### Work instructions
Write out exactly the lines from the one with "X0000055991354200509162241" through the last line of the data below, but not the pictures.

### Scraped caption text data
....

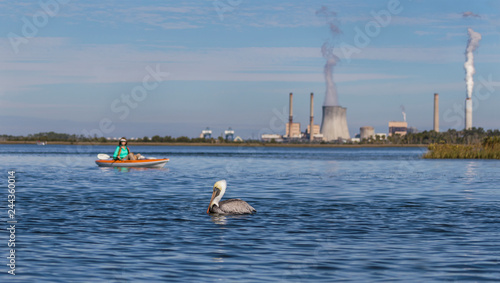 Brown Pelican and kayaker with a coal-fired power plant in the background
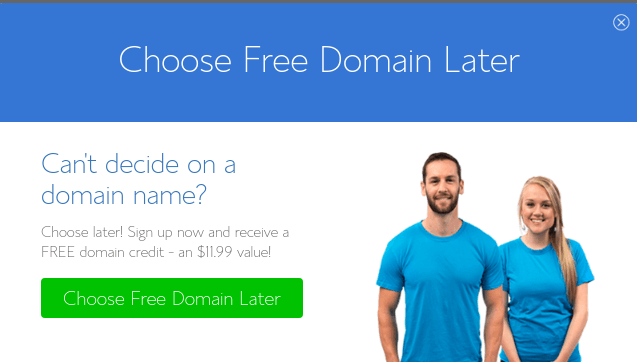 choose free domain later bluehost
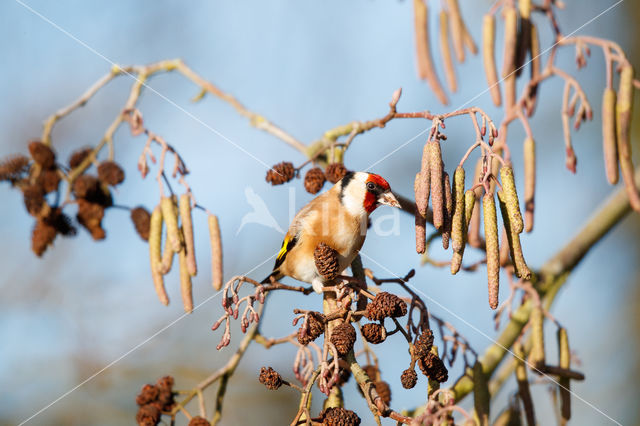 European Goldfinch (Carduelis carduelis)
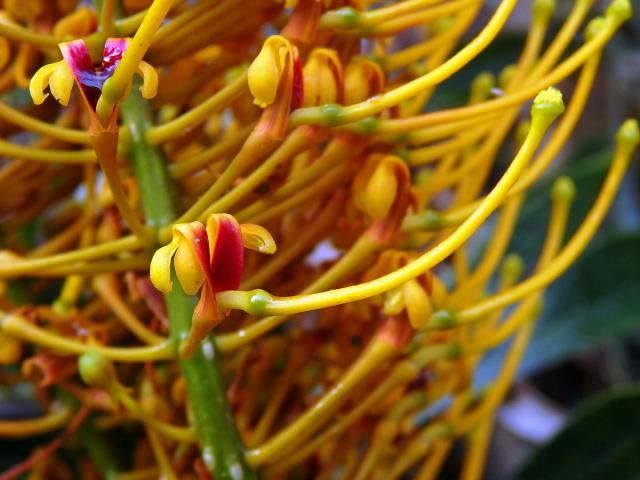 Grevillea robusta Cunn.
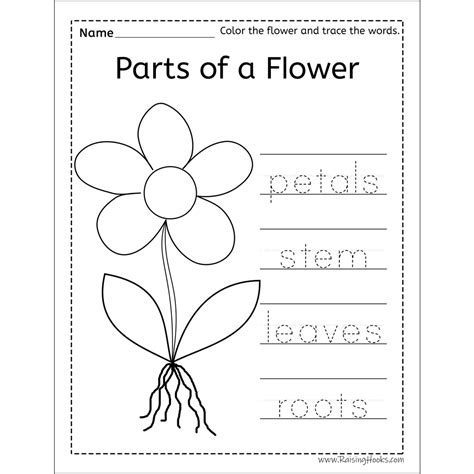 Flower Worksheet Printable Printable Word Searches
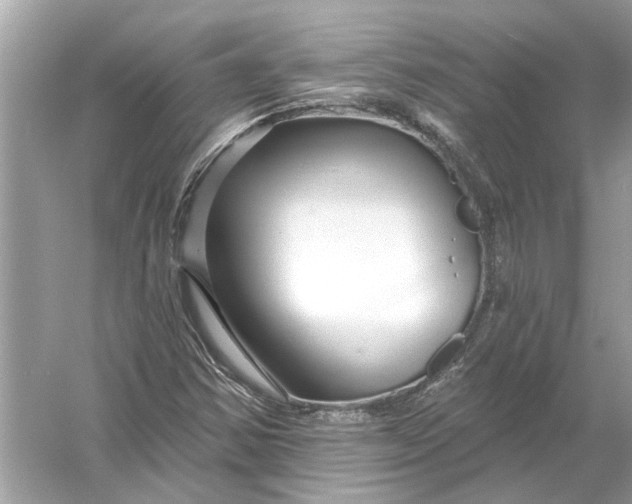 X0000055991354200509162241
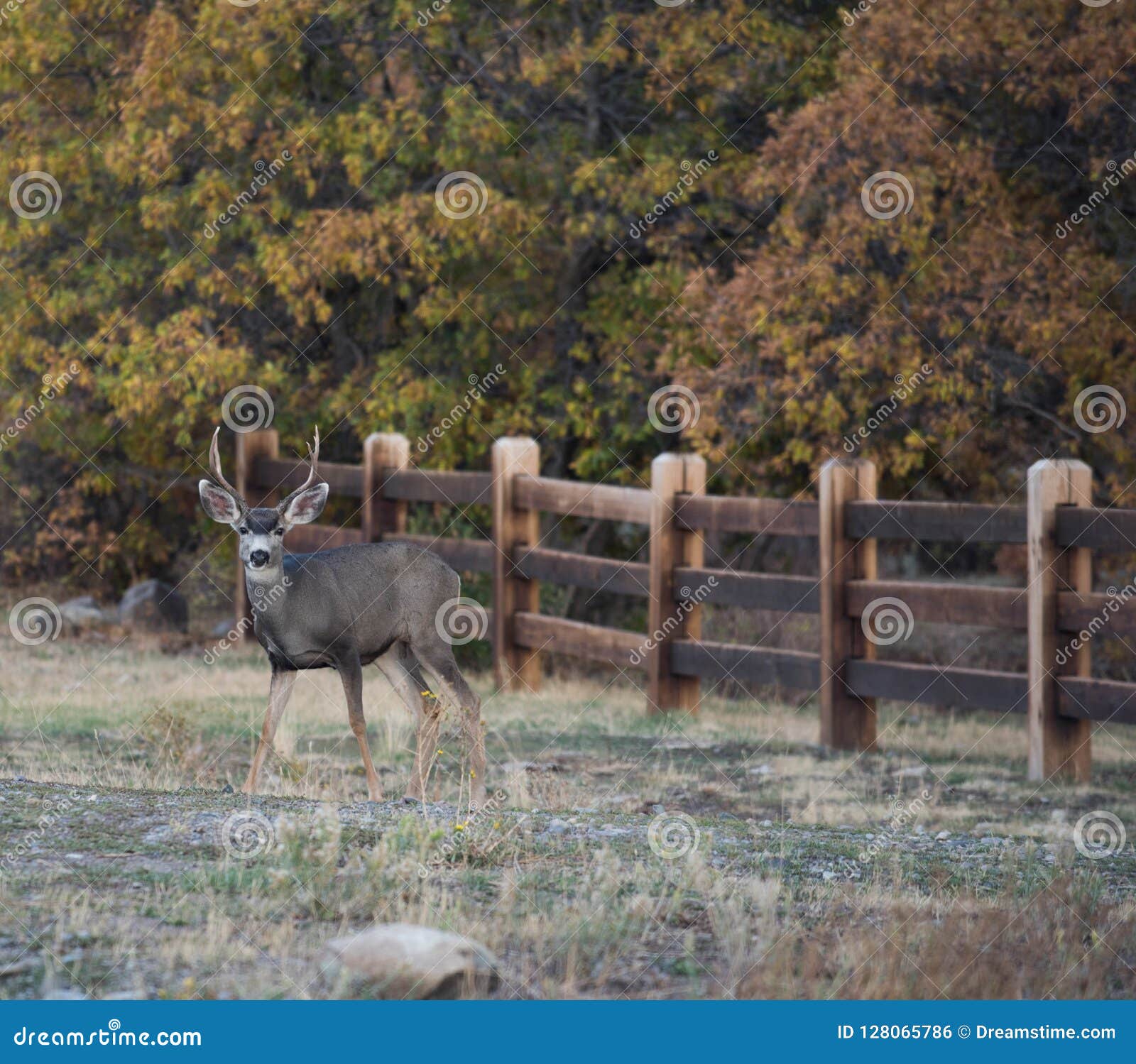 Young Mule Deer Buck Poses For A Portrait Stock Photo Image Of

....

### Expected answer
 X0000055991354200509162241
 Young Mule Deer Buck Poses For A Portrait Stock Photo Image Of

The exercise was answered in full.